Good point about determining how the referrals and ancillary income is split. Is it more typical to share ancillary income, or for each doc to collect on his /her patients?

As far as overhead, of both doctors are equally productive then 50/50 is fair. Otherwise, it is better for the doctor that is more busy. E. G. If he is using 4 medical assistants in clinic 4 days a week and you are using 2 3 days a week, 50/50 is going to screw you. What I am thinking about doing as I join with a doc next year is splitting the "fixed" overhead (rent, utilities, maintenance, etc) based on office hour utilization, and the variable expenses (payroll, medical supplies) based on collections or billing. So if doc A works 5 half-days in clinic and doc B works 7, you split the rent that way.

If you split the overhead totally on collections, then the busy doc who spends less time with his patients ends up subsidizing the slow one. So, you can end up resenting a partner who isn't as efficient as you, even though they are really still helping to bring your overhead down.

I would try to make sure everything looks fair, bring up the issues you have and get a sense as to whether this guy wants an equal partner or wants to take advantage of you.

Also, there are a lot of details about if he retires, how much you owe to buy him out. Make sure he is not asking anything to keep the patient charts, or anything else that amounts to "good will. " And equipment value can be very different depending on if you are talking about resale value vs replacement value. You may or may not need to hammer down all of those details right now.
 
Some thoughts to consider:

1 - Dr. B hits the nail on the head. Higher producing docs tend to reap greater benefit when splitting overhead 50/50. Whoever is outproducing the other, gets the reward. If it's a pretty even split, then no worries.

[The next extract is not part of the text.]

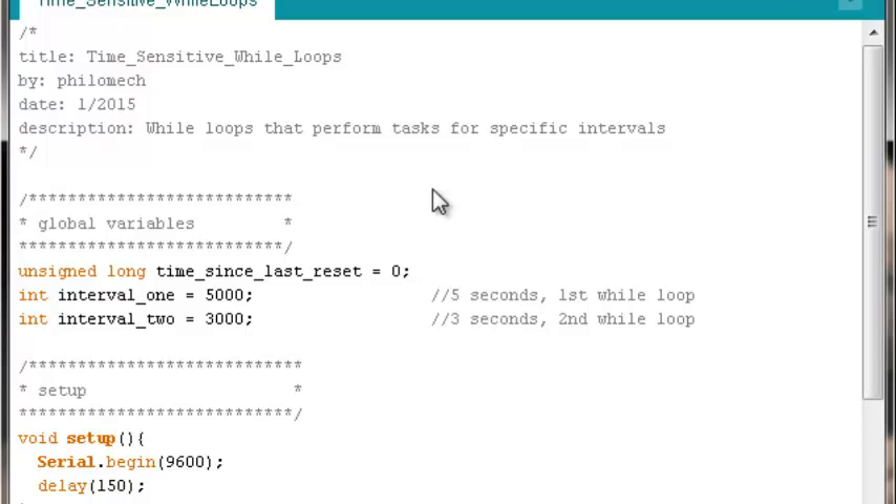That should give everybody a sense of what this control structure can accomplish. I'll have another video uploading right behind this one showing it applied to stepper motor control, so you get a practical application in mind immediately. Now let's start looking at the code. The first thing we'll need is some global variables.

2 - Are you practicing under one tax ID or do you each have your own? If you're under 2 separate, you'd better have a very clear agreement on how incoming referrals get divided up. His staff will be naturally more loyal to him, not you, and may siphon patients to his clinic until he's filled and leave you the leftovers. Or he may take the better cases (sinus) and leave you with the pain (dizzy).

3 - If you want to get a new capital expense, how is that decided? What if there's disagreement. You want a distal chip and he says no. How does that shake out. What if you buy it then? Can he use it? Same for a microscope, a rigid, a CT scanner, etc.

4 - If you split overhead 50/50, consider having an agreement to keep a base amount that each physician should "get" like how many MA's. Does he utilize 2 and a scribe, but you only get 1? If so, how is that fair for 50/50?

5 - Heaven forbid there is a cash call for a bad month. Who takes out the LOC?

6 - If you're taking on 50% of the overhead, do you get 50% ownership in hard assests? Do you have to buy in for that? If not, who pays for repairs, etc?

A lot of this is nitty gritty and can easily be worked out but these are questions to think about because you don't want these little things to blow up into big things in 6 months.